After the Ascension of Jesus Christ, she remained on earth to attend to the propagation of the Faith. Hence the disciples of our Lord had recourse to her, and she solved their doubts, comforted them in their persecutions, and encouraged them to labour for the Divine glory and the salvation of redeemed souls. She willingly remained on earth, knowing that such was the will of God, for the good of the Church; but she could not but feel the pain of being far from the presence and sight of her beloved Son, Who had ascended to Heaven. Where your treasure is, there will your heart be also (Luke xii. 34), said the Redeemer. Where any one believes his treasure and his happiness to be, there he always holds the love and desires of his heart fixed. If Mary, then, loved no other good than Jesus, He being in Heaven, all her desires were in Heaven.
Tauler says that Heaven was the dwelling-place of the most Blessed Virgin Mary; for, being there with all her desires and affections, she made it her continual abode. Her school was eternity; for she was always detached and free from temporal possessions. Her teacher was Divine Truth; for her whole life was guided by this alone. Her book was the purity of her own conscience, in which she always found occasion to rejoice in the Lord. Her mirror was the Divinity; for she never admitted any representations into her soul but such as were transformed into and clothed with God, that so she might always conform herself to His will. Her ornament was devotion; for she attended solely to her interior sanctification, and was always ready to fulfil the Divine commands. Her repose was union with God; for He alone was her treasure and the resting-place of her heart.
The most holy Virgin consoled her loving heart during this painful separation by visiting, as it is related, the Holy Places of Palestine, where her Son had been during His life. She frequently visited — at one time the Stable at Bethlehem, where her Son was born; at another, the Workshop of Nazareth, where her Son had lived so many years poor and despised; now the Garden of Gethsemanai, where her Son began His Passion; then the Praetorium of Pilate, where He was scourged, and the spot on which He was crowned with thorns; but she visited most frequently the Mount of Calvary, where her Son expired; and the Holy Sepulchre in which she had finally left Him: thus did the most loving Mother soothe the pains of her cruel exile.
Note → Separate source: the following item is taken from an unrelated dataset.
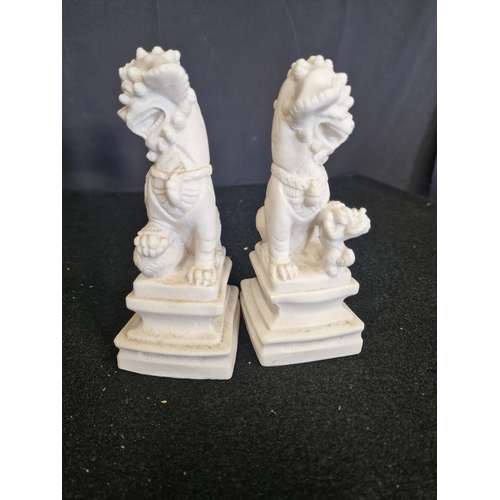 96 - A pair of Chinese Alabaster Foo Dogs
But this could not be sufficient to satisfy her heart, which was unable to find perfect repose in this world. Hence she was continually sending up sighs to her Lord, exclaiming with David: Who will give me wings like a dove, and I will fly and be at rest? (Ps. liv. 7). Who will give me wings like a dove, that I may fly to my God, and there find my repose? As the heart panteth after the fountains of water: so my soul panteth after thee, O God (Ps. xli. 1). As the wounded stag pants for the fountain, so does my soul, wounded by Thy love, O my God, desire and sigh after Thee.
Yes, indeed, the sighs of this holy turtle-dove could not but deeply penetrate the Heart of her God, Who indeed so tenderly loved her. The voice of the turtle is heard in our land (Cant. ii. 12). Wherefore being unwilling to defer any longer the so-much-desired consolation of His beloved, behold, He graciously hears her desire, and calls her to His kingdom.